* [RECORDED INFORMATION]:
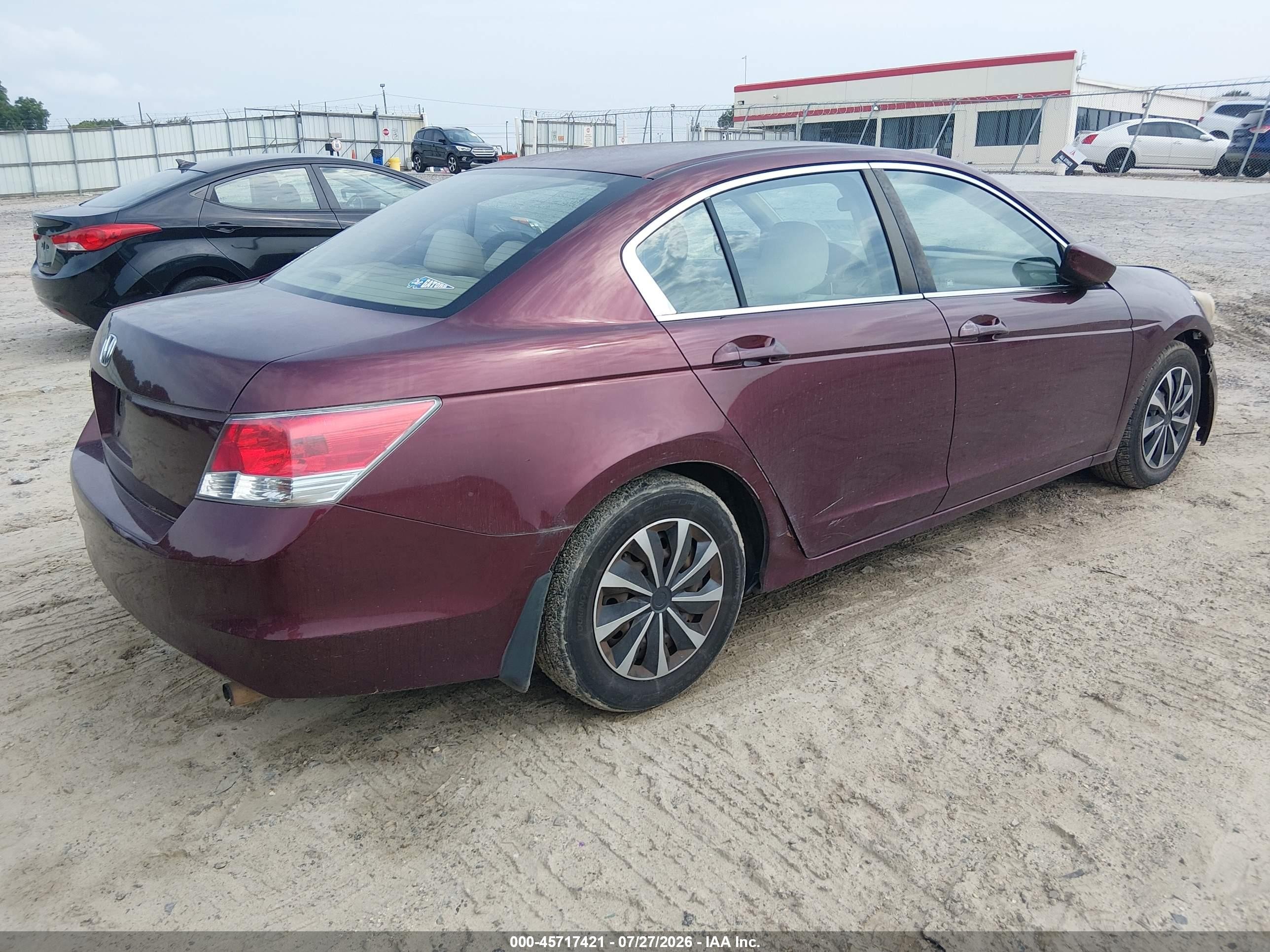 2010 Honda Accord 2.4 Lx Maroon vin: 1HGCP2F30AA190627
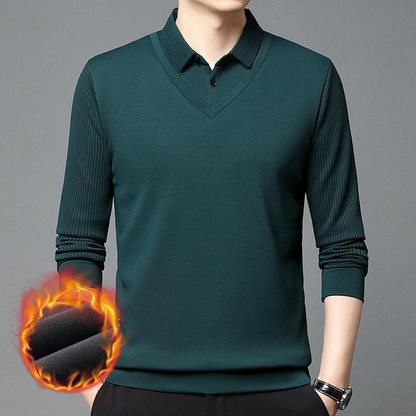 👔【M-4XL】Pánske tričko s dlhým rukávom a golierom polo – dvojvrstvový efekt, zimné, zateplené, hrubé, business-casual, teplé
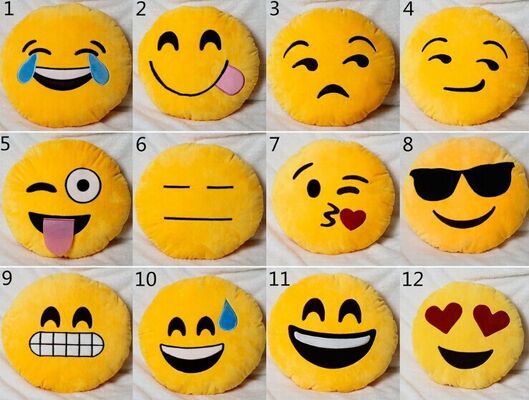 Emoji 노란 이모티콘 가정 사용을 위한 둥근 채워진 아기 자기 베개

* [BRIEF]: Please give again only those lines that run from the one containing "hrubé, business-casual, teplé" through the final line of the listing, both included, exactly as written and without pictures.

* [ANSWER FOR THIS EXERCISE]:
 👔【M-4XL】Pánske tričko s dlhým rukávom a golierom polo – dvojvrstvový efekt, zimné, zateplené, hrubé, business-casual, teplé
 Emoji 노란 이모티콘 가정 사용을 위한 둥근 채워진 아기 자기 베개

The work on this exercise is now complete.